Et c’est bien de ça qu’il s’agit. Car derrière le discours linguistique, le discours nationaliste fait plus que pointer, il s’affiche ! Voici ce qu’écrit un mensuel d’extrême gauche, « REFLEX », le journal des SCALP : « Les bretons sont citoyens du monde eux aussi,… mais ils sont avant tout bretons, que cela plaise ou non ». Remplacez seulement dans ce beau discours « breton » par « français », et vous avez du Le Pen « … français avant tout, que cela plaise ou non ».

Amener les gens à se définir avant tout par rapport à un cadre géolinguistique, de préférence mythique, c’est la base du nationalisme.

Un exploiteur basque ou occitan est avant tout un exploiteur. Un exploité normand ou catalan est d’abord un exploité. Prétendre qu’ils ont un intérêt commun « en tant que basques, en tant que français, que ceci ou celà  » avec un petit couplet sur les « racines », « l’identité » (synonymes modernistes du mot « race »), c’est, avec la religion, la ficelle la plus ancienne du capitalisme pour faire accepter l’exploitation. Que cela se fasse sur un air de biniou, de pipeau ou sur celui de « La Marseillaise » n’y change rien.

X.F

http://cnt-ait.info/article.php3?id_article=52

[1] Il est maintenant politiquement très incorrect de prononcer le mot « patois ». Le patois est simplement une langue qui s’est régionalisée. Une langue nationale n’est jamais qu’un patois qui a réussi.

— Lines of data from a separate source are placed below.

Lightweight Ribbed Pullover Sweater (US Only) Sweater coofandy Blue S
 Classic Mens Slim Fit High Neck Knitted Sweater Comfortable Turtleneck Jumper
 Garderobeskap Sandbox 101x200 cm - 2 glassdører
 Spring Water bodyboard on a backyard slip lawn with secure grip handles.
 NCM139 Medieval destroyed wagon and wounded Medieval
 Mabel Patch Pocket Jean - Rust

[2] Si tant est que l’Occitanie existe… ce qui pourrait faire l’objet d’un long débat.

[3] Pour être exact, il faudrait parler des gascons (béarnais, landais, bigourdan, girondin, armagnacais, commingeois) et des languedociens.

[4] Cette situation existe déjà en France pour les enfants issus de l’immigration la plus récente. Leur rajouter, par dessus, une couche d’occitan, de breton ou de corse, c’est les enfoncer encore plus et pour plus longtemps.

[5] Plusieurs linguistes affirment que la seule langue que la majorité des gens puissent maîtriser en plus de leur langue maternelle, c’est l’Espéranto. La CNT-AIT s’est prononcée en faveur de l’Espéranto.